Magicshine MOH55 (floody wide beam) for the bars and a MJ906 for the helmet? Alternatively a Monteer 5000 for the bar (still wide beam, but more throw).



jebx said:


> i looked at outbounds lights... but will be hit with taxes, as i am located in Denmark, europe


Additionally, you'd have to pay hefty shipping charges.... it's 50 USD to germany. A Bummer.


----------



## MRMOLE (May 31, 2011)

biking_tg said:


> Magicshine MOH55 (floody wide beam) for the bars and a MJ906 for the helmet? Alternatively a Monteer 5000 for the bar (still wide beam, but more throw).
> 
> Additionally, you'd have to pay hefty shipping charges.... it's 50 USD to germany. A Bummer.


Hope you don't mind if I ask for some of the details/specifications you considered when choosing the MOH55 (bar) and MJ906s (helmet) combo as a recommendation for jebx. Curious about your reasoning for such a floody setup? Thanks!
Mole


----------



## biking_tg (Dec 27, 2018)

MRMOLE said:


> Hope you don't mind if I ask for some of the details/specifications you considered when choosing the MOH55 (bar) and MJ906s (helmet) combo as a recommendation for jebx. Curious about your reasoning for such a floody setup? Thanks!
> Mole


Well jebx said he looked at outbound lights (and it sounds like import VAT is the main reason for not ordering).
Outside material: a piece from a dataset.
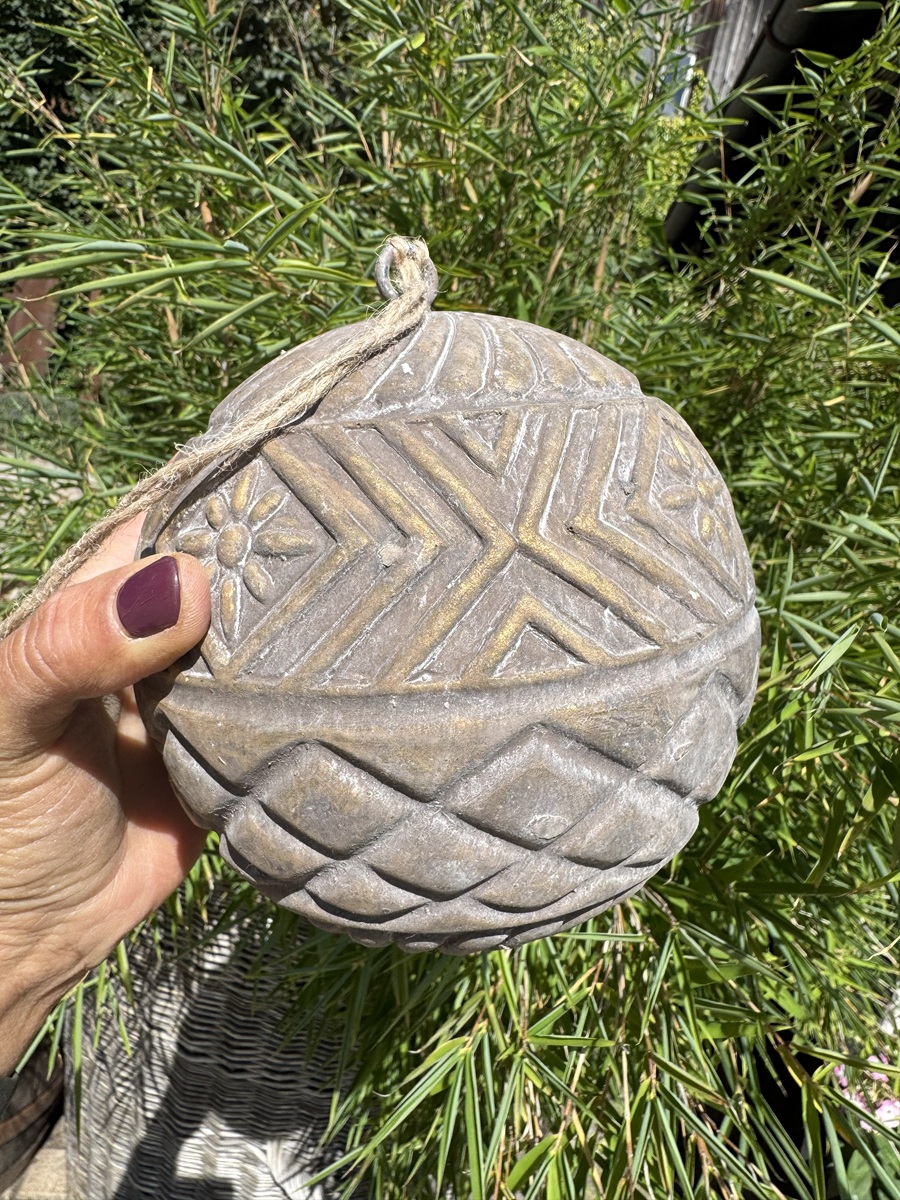 Keramik Deko Kugel mit Muster Antikfarben - Durchmesser 15 cm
Those offer plenty of light at a wide beam angle. One could of course combine the MOH55 with a Gloworm on the helmet for a spottier helmet light. According to a german mtb mag, the MJ906 has 180-200 max lux (@10 m) at full power, which would give enough throw for the helmet.


----------



## MRMOLE (May 31, 2011)

biking_tg said:


> Well jebx said he looked at outbound lights (and it sounds like import VAT is the main reason for not ordering). Those offer plenty of light at a wide beam angle. One could of course combine the MOH55 with a Gloworm on the helmet for a spottier helmet light. According to a german mtb mag, the MJ906 has 180-200 max lux (@10 m) at full power, which would give enough throw for the helmet.
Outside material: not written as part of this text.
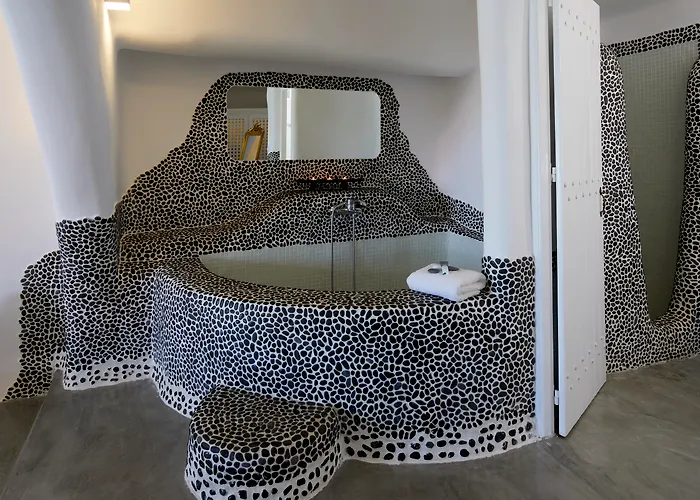 Suites Of The Gods Cave Spa Hotel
Thanks! Bar options only confused me because MS classifies the MOH55 as a headlamp instead of a bike light, Monteer 5000 looks like a good option. Hard to predict what kind of stable output you'll end up with from the higher powered MS lights so I tend not to trust others published test results unless they include the entire operation duration (that bikelightcheckers website you linked in another thread was excellent). More confusing for me was the 906 (was this the new 2 emitter version?) as a helmet light mostly because I prefer a narrower more focused beam for helmet use. I have a Monteer 3500 I've not finished testing yet that MS claims has a 31000 cd value (ends up being about equal to a Gloworm XS once it degrades to its stable level) that would be worth the OP's time to look at if he wants a higher throw option + the Gloworm option for a high throw light with more adjustability.
Mole


----------



## biking_tg (Dec 27, 2018)

MRMOLE said:


> Thanks! Bar options only confused me because MS classifies the MOH55 as a headlamp instead of a bike light, Monteer 5000 looks like a good option. Hard to predict what kind of stable output you'll end up with from the higher powered MS lights so I tend not to trust others published test results unless they include the entire operation duration (that bikelightcheckers website you linked in another thread was excellent). More confusing for me was the 906 (was this the new 2 emitter version?) as a helmet light mostly because I prefer a narrower more focused beam for helmet use. I have a Monteer 3500 I've not finished testing yet that MS claims has a 31000 cd value (ends up being about equal to a Gloworm XS once it degrades to its stable level) that would be worth the OP's time to look at if he wants a higher throw option + the Gloworm option for a high throw light with more adjustability.
> Mole


In a german forum, a few people bought the MOH55 as bar mounted light and are quite happy in combination with a throwier helmet light. Of course, there is always a better option, but that is more pricey. The lux values for the 906 (the old version 5 LED light) in that test were giving as ranging from max 200 lux to stable 180 lux (with cooling/air flow; without cooling it goes down to 60 lux).
I recommended the 906, because it just has the most throw (when comparing 900, 902, 906; see the lux/beam width comparison at action-led-lights). Of course a 3500 will be better in terms of throw, but again more expensive and i suspect the MS 906 B OP Version has the better thermal design with its massive cooling fins compared to the Monteer 3500 .
Choosing a bike light is a process with high risk of getting stuck in an analysis paralysis situation...


----------



## {|xDi|} (Dec 2, 2020)

I have no complaints about my magicshine.


----------



## MRMOLE (May 31, 2011)

biking_tg said:


> Choosing a bike light is a process with high risk of getting stuck in an analysis paralysis situation...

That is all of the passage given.